● Exercise: Go to the line holding "PREMIUMCORD USB 2.0" in the entries below and write out exactly every line down to and including the line holding "BOOSTED CLIPPER by".

● Input:
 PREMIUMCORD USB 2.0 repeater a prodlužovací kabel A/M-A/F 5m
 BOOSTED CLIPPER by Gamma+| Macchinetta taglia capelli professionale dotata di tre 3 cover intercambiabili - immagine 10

---

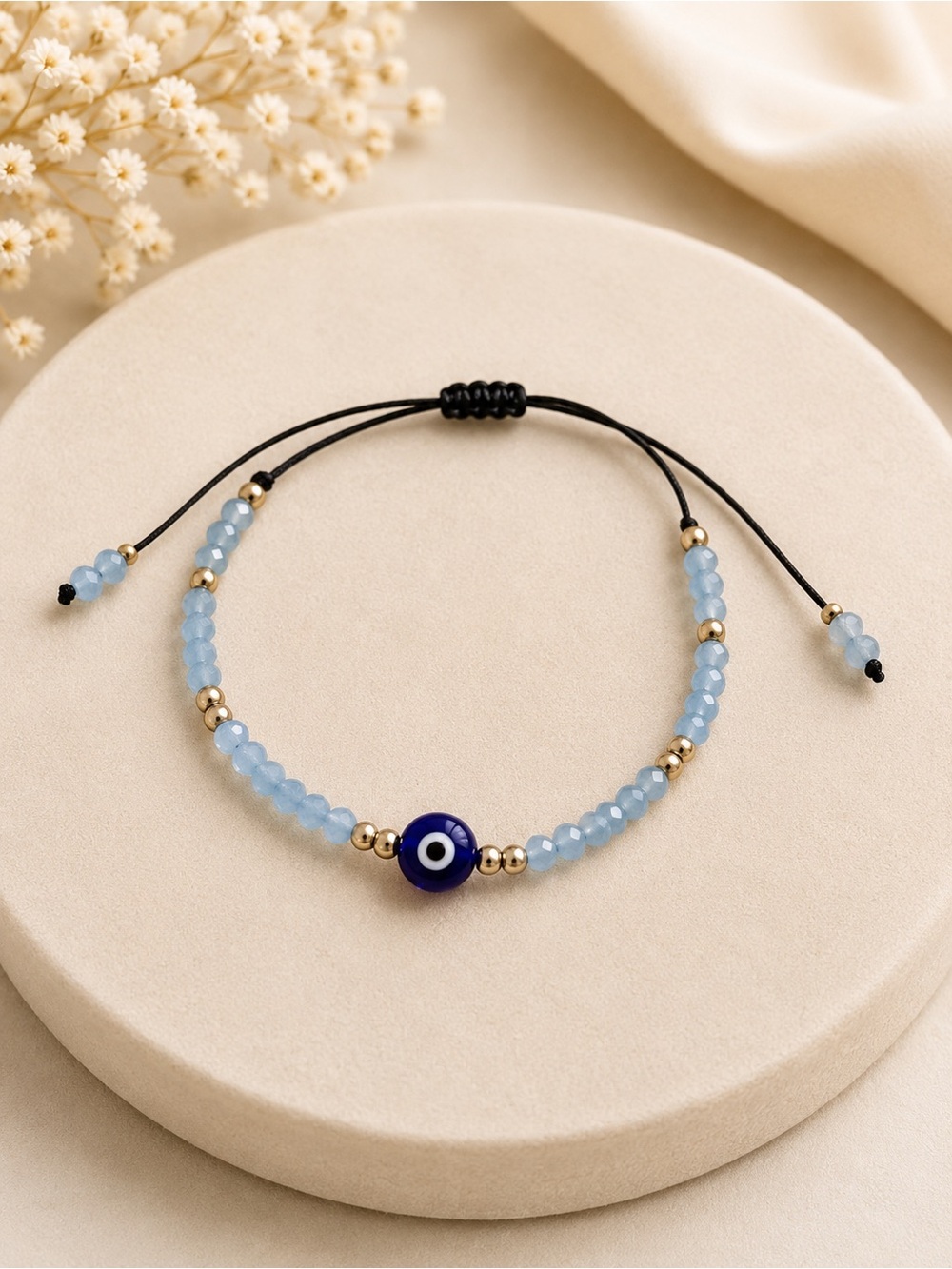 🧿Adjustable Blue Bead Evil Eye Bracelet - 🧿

* * *

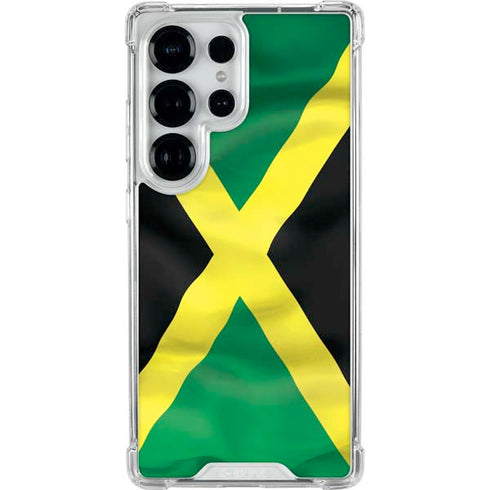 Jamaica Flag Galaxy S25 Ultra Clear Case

● Your solution:
 PREMIUMCORD USB 2.0 repeater a prodlužovací kabel A/M-A/F 5m
 BOOSTED CLIPPER by Gamma+| Macchinetta taglia capelli professionale dotata di tre 3 cover intercambiabili - immagine 10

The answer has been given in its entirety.